Abstract Still little is known about the redox abnormalities in patients with non-alcoholic fatty liver disease (NAFLD). The purpose of the study was to find the relationship between enzymatic and non-enzymatic antioxidants, redox homeostasis and oxidative damage in 67-patients with NAFLD. The study population was divided into patients with non-alcoholic fatty liver (early NAFLD, n = 29) and patients with non-alcoholic steatohepatitis (advanced NAFLD, n = 38). Redox biomarkers: enzymatic antioxidants (Cu − Zn-superoxide dismutase (SOD), catalase (CAT), glutathione peroxidase (GPx), glutathione reductase (GR)); non-enzymatic antioxidants and redox status (reduced glutathione (GSH), total antioxidant capacity (TAC)); and oxidative damage products (total oxidant status (TOS), advanced glycation end products (AGE), malondialdehyde (MDA), and DNA/RNA oxidative damage) were determined in the serum/plasma samples.

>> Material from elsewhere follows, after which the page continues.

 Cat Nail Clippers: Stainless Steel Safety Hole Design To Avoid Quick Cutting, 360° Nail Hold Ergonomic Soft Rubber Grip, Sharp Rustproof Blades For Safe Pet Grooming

The activity of SOD, GPx, GR and levels of GSH, TOS, AGE, MDA, and DNA/RNA oxidative damage were significantly elevated in early NAFLD and advanced NAFLD group compared to controls (p < .001). There was a positive correlation between AGE, TAC and ALT activity (R = 0.34, p = .04; R = 0.36, p = .03, respectively) in advanced NAFLD group. Interestingly, ROC analysis for AGE showed good discriminatory ratio for patients with minimal steatosis (BARD score 0–1) vs. moderate steatosis (BARD score 2–4), AUC = 0.76. Plasma AGE can be a potential non-invasive biomarker differentiating NAFLD patients.